• Problem requirements: Set down the final stretch of the data, from the line that holds "Kentucky Horse Derby" through the last line, both included, with pictures left out.

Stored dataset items
_ _ _ _

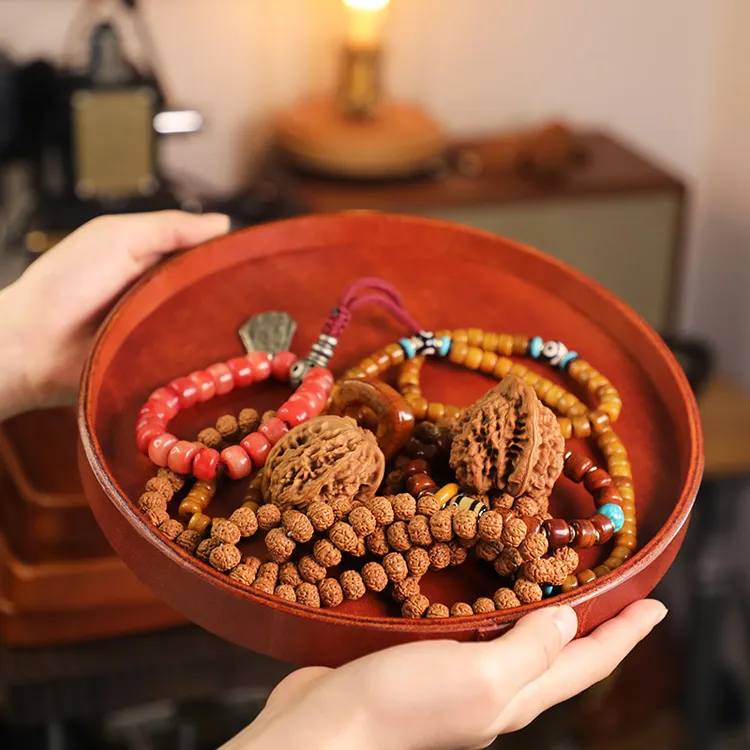 手工制作真皮收纳盘 文玩盘 复古做旧皮盘
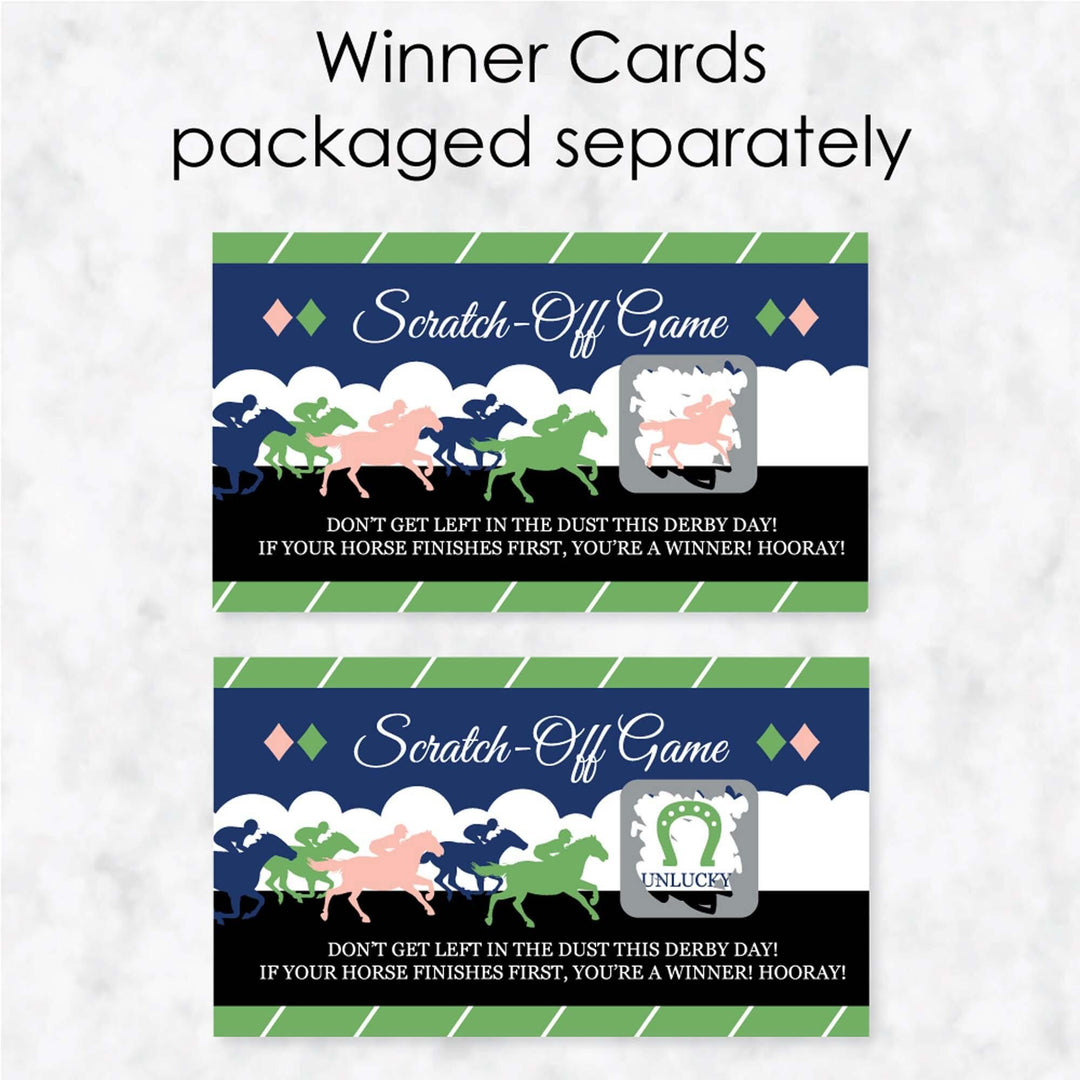 Kentucky Horse Derby - Horse Race Party Game Scratch Off Cards - 22 ct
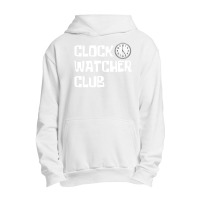 Clock Watcher Club (white On Black) Urban Pullover Hoodie | Artistshot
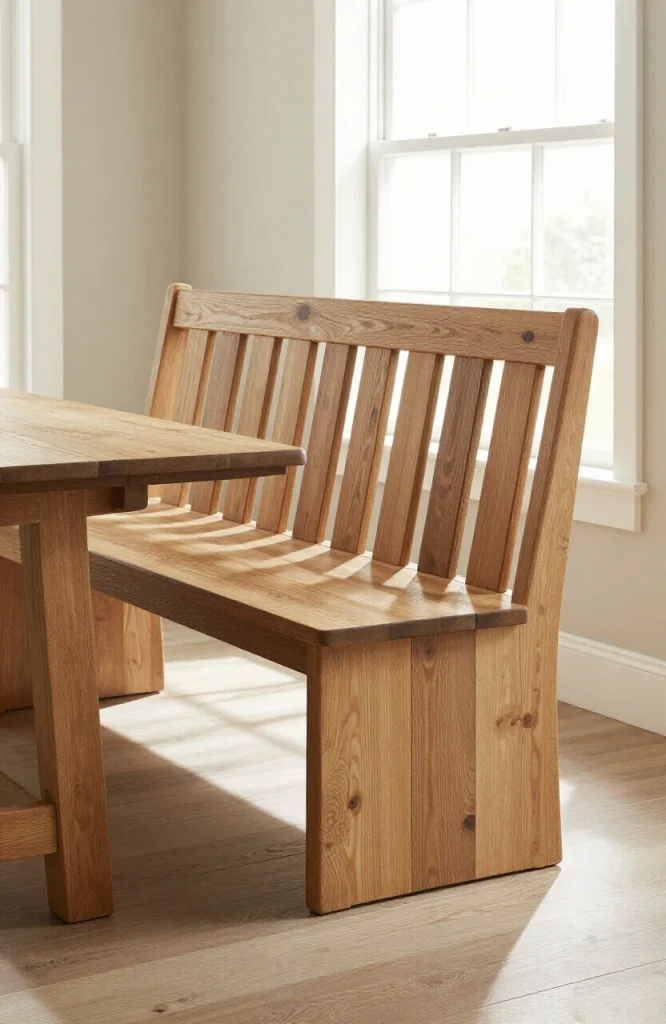 DIY wooden slanted slat backrest attached to bench showing ergonomic angle for comfortable back support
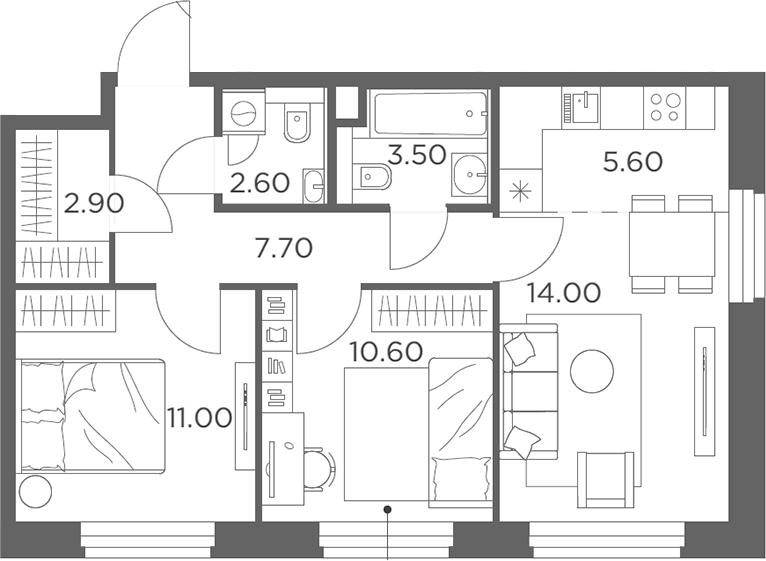 3-комн., 57.9 м², 16/20 этаж, ЖК «Белый Град»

_ _ _ _

• Written solution:
 Kentucky Horse Derby - Horse Race Party Game Scratch Off Cards - 22 ct
 Clock Watcher Club (white On Black) Urban Pullover Hoodie | Artistshot
 DIY wooden slanted slat backrest attached to bench showing ergonomic angle for comfortable back support
 3-комн., 57.9 м², 16/20 этаж, ЖК «Белый Град»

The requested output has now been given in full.